- Cover of first volume

薔薇監獄の獣たち (Bara Kangoku no Kemono-tachi)
- Genre: Romantic fantasy
- Written by: Spica Aoki
- Published by: Akita Shoten
- English publisher: NA: Seven Seas Entertainment;
- Magazine: Princess
- Original run: June 2016 – April 2018
- Volumes: 4

= Beasts of Abigaile =

Shōjo manga series

Beasts of Abigaile (薔薇監獄の獣たち, Bara Kangoku no Kemono-tachi) is a shōjo manga series by Spica Aoki. The plot centers around a high school student named Nina Tsukishiro, who moves to the European nation of Ruberia and quickly becomes involved with the native luga (wolf people) of the region which have been imprisoned in the island fortress of Abigaile. Beasts of Abigaile appeared as a serial in the monthly manga magazine Princess starting in 2015. Akita Shoten has published the chapters in four bound volumes, and American publishing company Seven Seas Entertainment licensed the series for an English-language translation in North America. A German translation has been published by Tokyopop from June 2017 to November 2018. The English-language translated series has received generally positive reception, though readers note that the manga appears to have a rushed ending, which the author confirmed in an addendum of Volume 4. The German translation had a mixed reception, being criticised for a predictable and at times nonsensical plot, but praised for being fast-paced, well-drawn and enjoyable overall.

==Plot==
Nina Tsukishiro is a teenage girl who travels to the European country of Ruberia with her uncle. For hundreds of years, Ruberia has enslaved and taken advantage of the native wolf people known as luga for their ability to seek out the best of the country's prized roses, keeping them trapped in the castle of Abigaile. An escaped "alpha" luga, Roy, bites Nina, which transforms her into a luga, after which she is taken away to Abigaile and forced into a chaotic world with rules of dominance and hierarchy she does not understand.
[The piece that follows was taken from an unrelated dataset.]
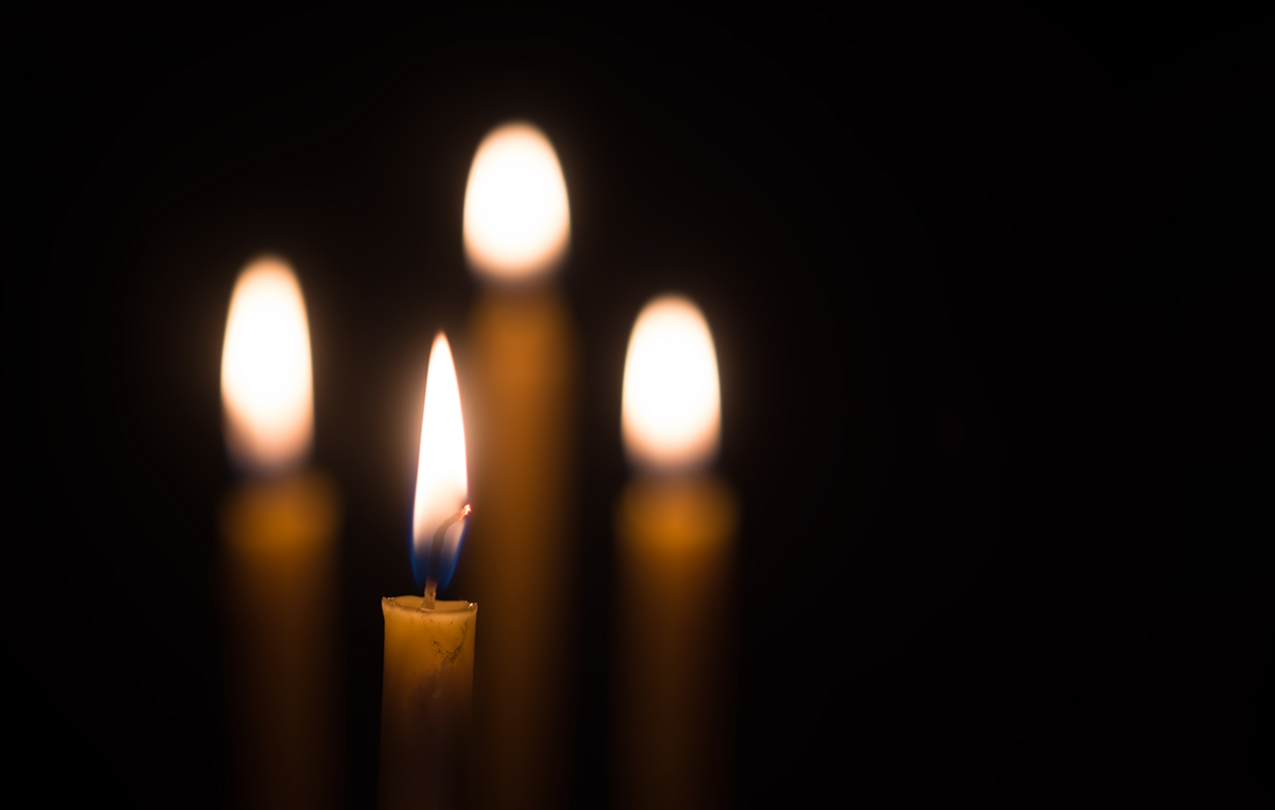 Candles in dark room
Though her appearance is that of a luga, Nina struggles to fit in, as her scent is that of a human. She comes to discover more about the truth of Abigaile, and herself, as she makes her way through the prison's hierarchy of Alphas and Omegas.

==Publication==

| Volume | Japanese release date | Japanese ISBN | English release date | English ISBN | German release date | German ISBN |
|---|---|---|---|---|---|---|
| 1 | June 16, 2016 | 978-4-253-27301-5 | June 27, 2017 | 978-1-626925-35-9 | June 31, 2017 | 978-3-8420-3902-5 |
| 2 | November 11, 2016 | 978-4-253-27302-2 | October 17, 2017 | 978-1-626925-67-0 | November 6, 2017 | 978-3-8420-3903-2 |
| 3 | March 16, 2017 | 978-4-253-27303-9 | March 6, 2018 | 978-1-626927-11-7 | February 1, 2018 | 978-3-8420-4183-7 |
| 4 | April 16, 2018 | 978-4-253-27304-6 | November 20, 2018 | 978-1-626928-56-5 | November 8, 2018 | 978-3-8420-4901-7 |

==Reception==
The English-language adaptation of Beasts of Abigaile has received several recommendations: Rebecca Silverman from Anime News Network gave the first 2 volumes an overall "B+" rating, praising the art which "occasionally makes references to the shoujo of the 70s and 80s" and the story's twists on the classic themes of Little Red Riding Hood. Che Gilson of Otaku USA remarks that the elements of the manga "combine to form a perfectly winning shojo fantasy", though the first volume's rapid pacing received some criticism, which has been reflected in reviews of the German-language translations.